After a trial that lasted more than three months, Judge John Dietz ruled in February that the state's school finance system is unconstitutional.
After a trial that lasted more than three months, Judge John Dietz ruled in February that the state's school finance system is unconstitutional.

State district court Judge John Dietz likened the state's school finance case to the soap opera As the World Turns when he opened Wednesday's hearing on whether to reconsider evidence in the trial that concluded in February.

He drew the comparison not because of the trial's drama but because of its longevity.

"There were 13,858 episodes of As the World Turns, and we are getting pretty close," Dietz said. 

After hearing brief arguments from the state and the six parties in the case, the judge announced that a new six-week trial would begin on Jan. 6 in the lawsuit that arose last summer after lawmakers cut roughly $5.4 billion from state public education funding in 2011 while the state simultaneously implemented a rigorous new testing and accountability system. 

"The passage of the wealth of bills during this 83rd Legislature has created a situation where in the interests of justice we need to assay and concentrate as to whether that legislation changed the circumstances [we examined] during the 45-day trial," Dietz said. 

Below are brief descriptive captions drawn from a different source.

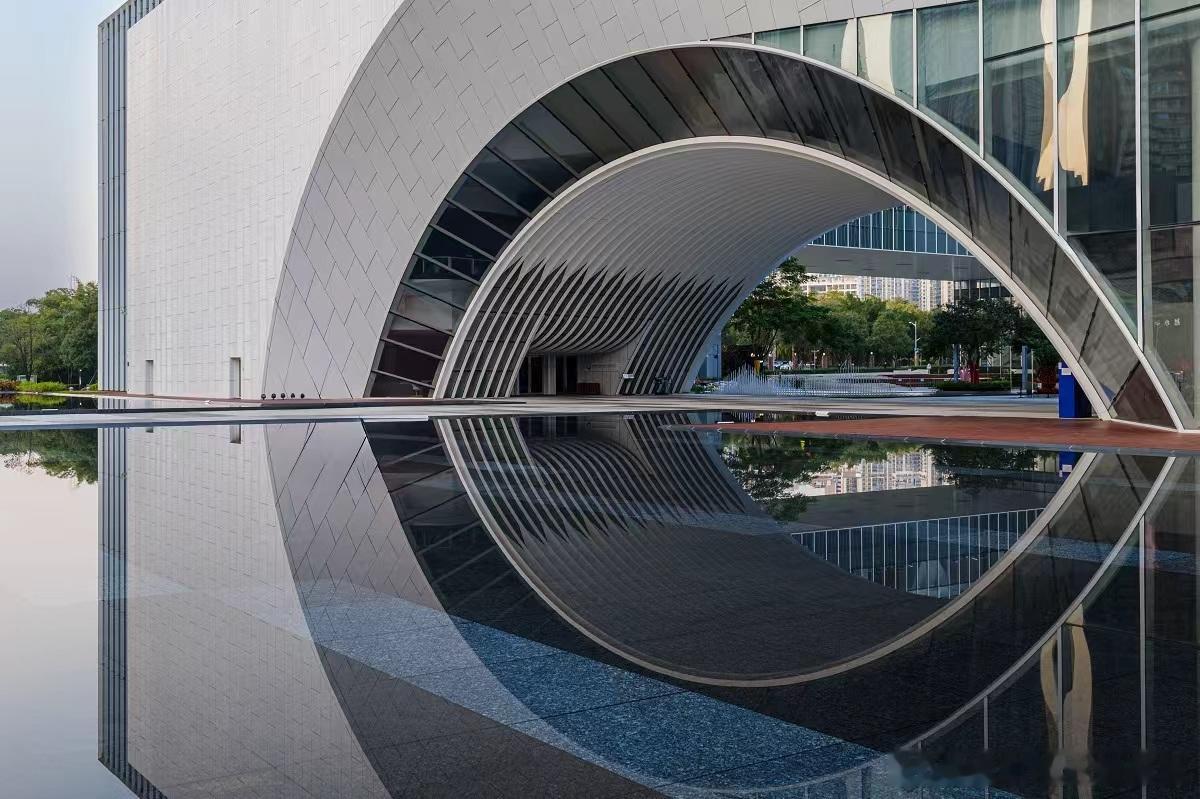 创业者要找到适合自己的赛道，学会洞察行业发展周期和规律一般包括初期萌芽、快速扩张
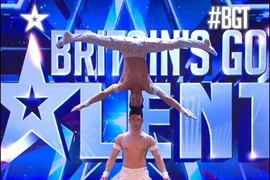 Deux acrobates vietnamiens brillent à Britain’s Got Talent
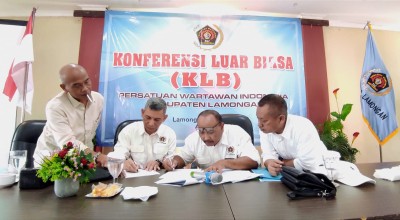 Kadam Mustoko Nahkodai PWI Lamongan Hasil KLB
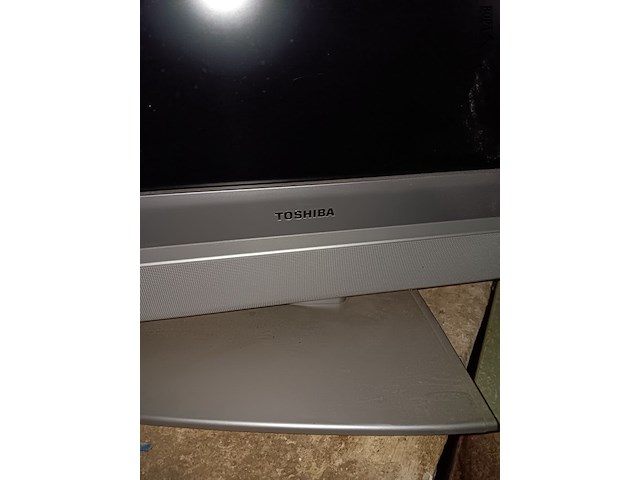 Lot 140 - tv toshiba - afbeelding 2 van  3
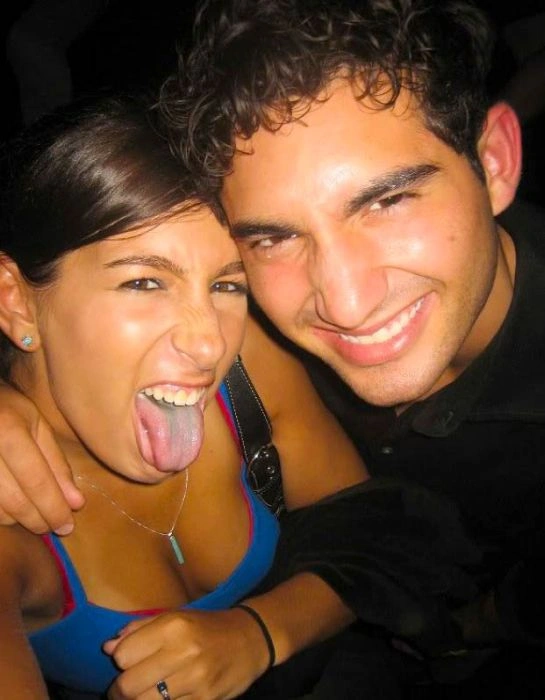 Дівчата з кольоровою мовою (60 фото) – фото 20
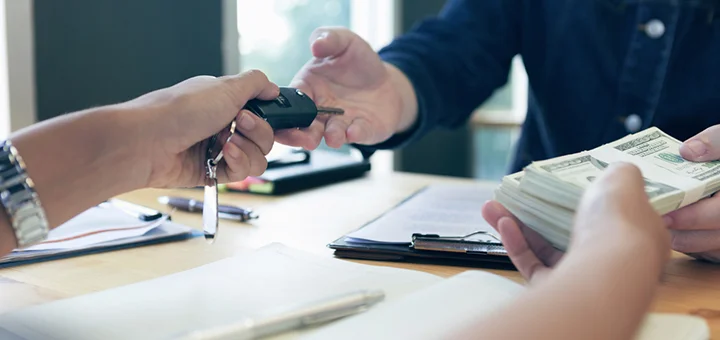 Conozca lo que debe saber sobre la compra y venta de carros: requisitos y procedimiento para que no se objeto de perjuicios posteriores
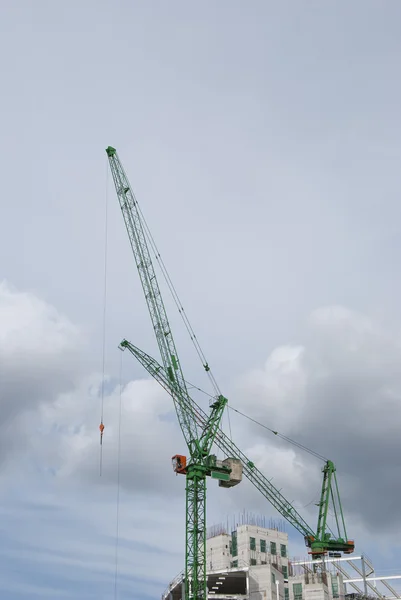 Dois guindastes da torre e canteiro de obras — Fotografia de Stock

The two largest groups of school districts represented in the case, along with the state, were in favor of reopening evidence in the case to update the record after a legislative session in which the Legislature restored about $3.4 billion to public education funding. Changes to high school testing and graduation requirements, as well as a bill expanding the state's charter school system, also passed.

"It's not in anyone's interest to allow it to go to [Texas] Supreme Court. It'd be highly likely we'd be back in this court in six months," said attorney Mark Trachtenberg, who represents some of the districts in the case. He argued that the high court would remand the decision if it did not consider the impact of the 2013 Legislature.

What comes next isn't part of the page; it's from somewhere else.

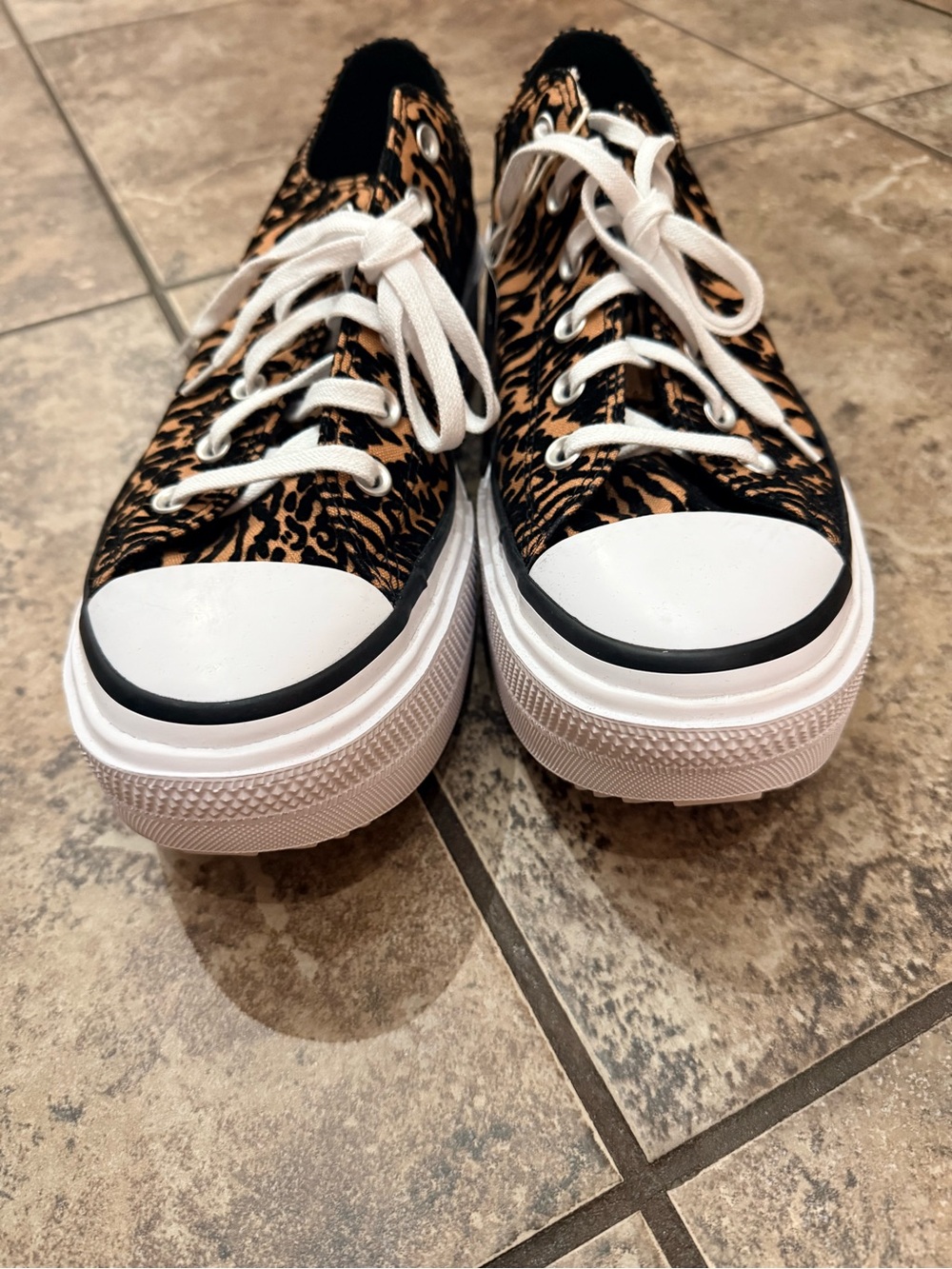 Converse unisex leopard print double stack platform sneakers - Picture 4 of 6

Lawyers for the Texas Charter School Association and school districts with a high proportion of English language learning students both separately opposed a further delay in the judicial process, saying that it would be impossible to measure the outcomes of legislative changes in a timely manner.

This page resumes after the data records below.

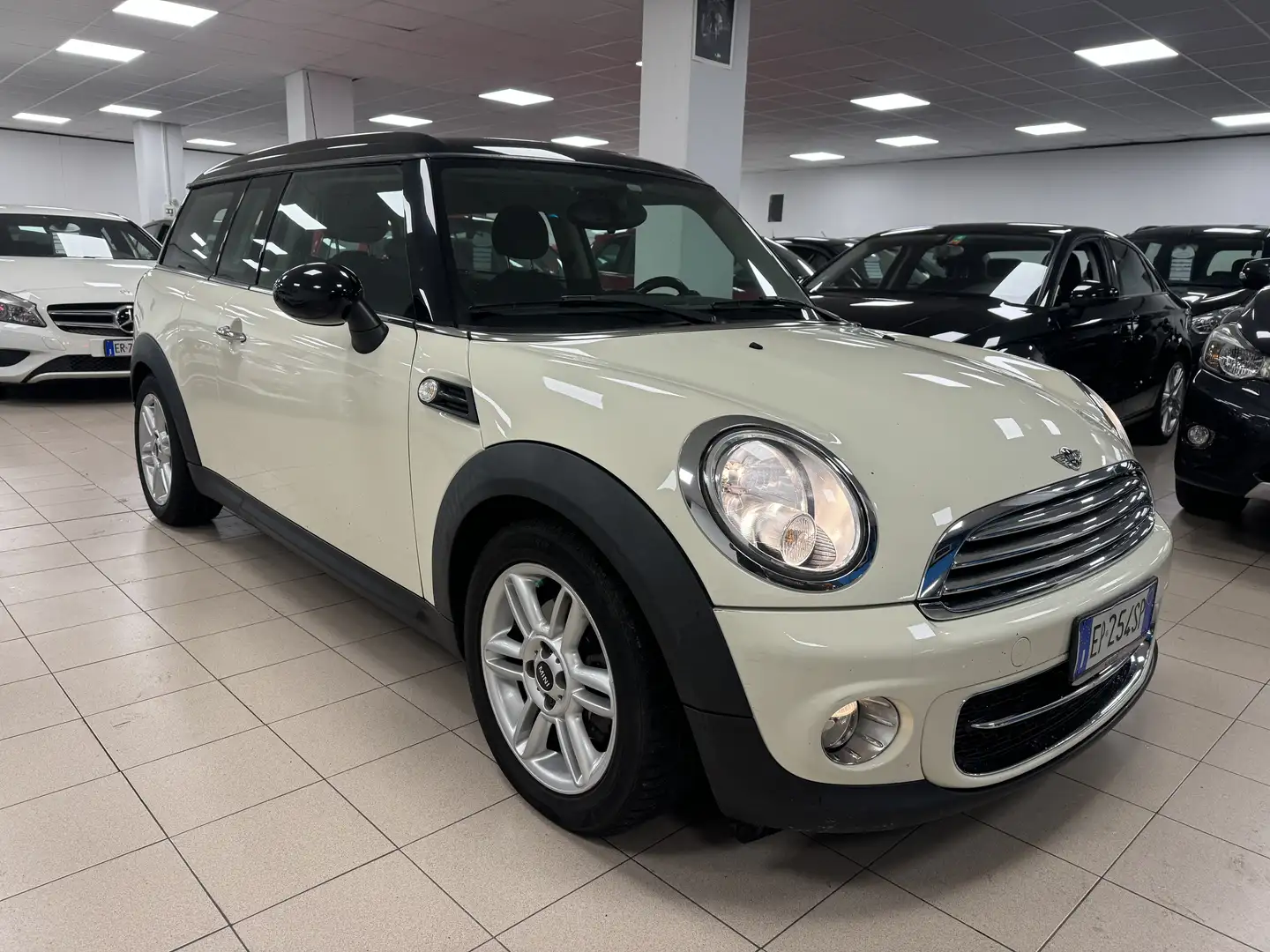 MINI Cooper D Clubman Mini III R55 2013 Clubman 2.0 auto Weiß - 1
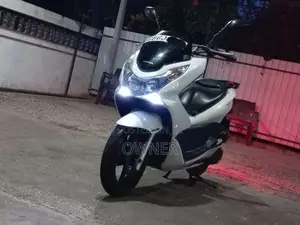 Honda Pcx 2016 Motorbike (Used)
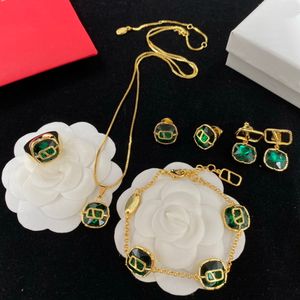 Luxueuze groene kristal hanger ketting v letter logo armband oorring ringen dame sieraden sets vrouwen bruiloft verjaardagsfeestje cadeaus vlts1--02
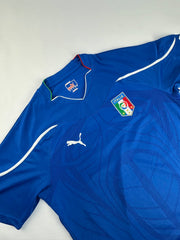 2010-12 Italy Football Shirt made by Puma size Large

David Hinojosa, who represents the latter group, pointed out that much of the evidence the other parties wanted the court to consider was still not in effect. New graduation requirements that passed in House Bill 5 will roll out in the 2014-15 school year; new school district accountability requirements would be rolled out in the 2016-17 year.

While questioning state lawyer Shelley Dahlberg, Dietz asked her how many bills had passed related to the topics of the litigation.

"I can say with some certainty that there are at least five bills that materially affect issues that were hotly litigated in this case," she said, adding that a number of the more than 100 education bills lawmakers had approved at least touched on areas the case covered.

In February, Dietz issued an oral ruling from the bench, finding the school finance system unconstitutional, both because of inadequate school funding and flaws in the way the state distributes money to districts. A more detailed, written decision was expected in March, but that did not come.

All of the parties will be back in court on July 17 to determine what procedures will govern the new trial.